Gramme Zénobe

Conception-Invention

Jehay-Bodegnée 04/04/1826, Paris 20/01/1901

Le nom de Zénobe Gramme est définitivement associé à la dynamo et plus encore à la « génératrice dynamoélectrique ». Génial artisan, inventeur intuitif, touche à tout pragmatique, Zénobe Gramme n’a pourtant rien découvert : les lois de l’induction électromagnétique remontent à Ampère et Faraday, ses illustres prédécesseurs. Cependant, il manquait le sens pratique d’un bricoleur persévérant pour transformer les lois de la physique en un simple instrument fiable. Et c’est là que réside tout le mérite de Gramme.

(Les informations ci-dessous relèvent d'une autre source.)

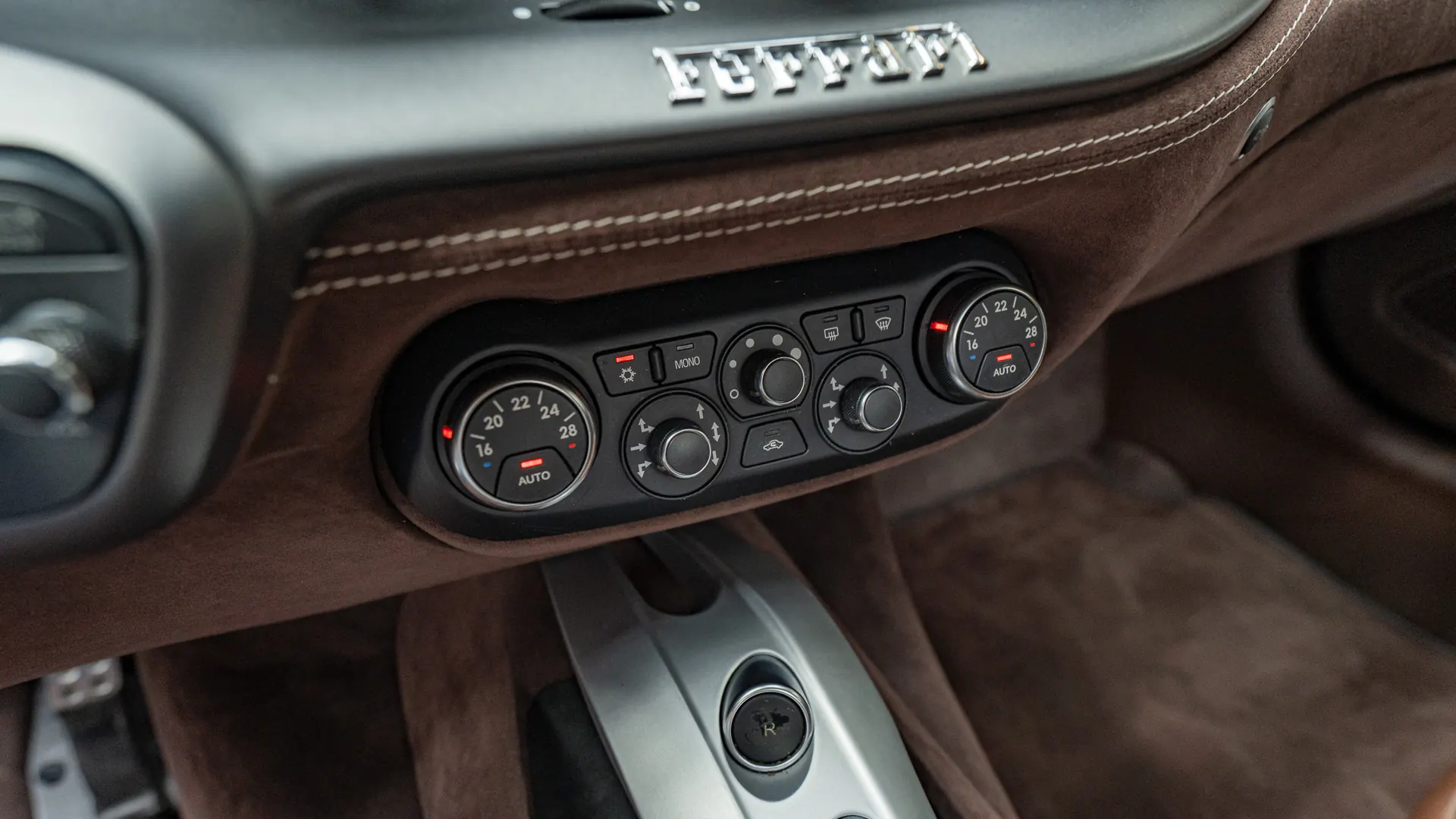 Ferrari F12 — photo 24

Né à Jehay, ayant grandi à Verlaine, à Hannut puis à Liège, il est formé à la menuiserie, notamment à l’occasion de cours du soir à l'École industrielle communale de Liège (vers 1850). Il semble avoir été ouvrier itinérant ce qui expliquerait des séjours (non certifiés) aux quatre coins de la France (Lyon, Marseille, Angers, Paris). Engagé par la société L’Alliance, spécialisée dans la construction de machines magnétoélectriques (1860), il prend un premier brevet pour un mécanisme régulant l'usure des électrodes en charbon des lampes à arc (1861). La démarche reste étonnante dans le chef d’un simple ouvrier manuel, même s’il semble suivre à l’époque des cours pour adultes au Conservatoire des Arts et Métiers de Paris.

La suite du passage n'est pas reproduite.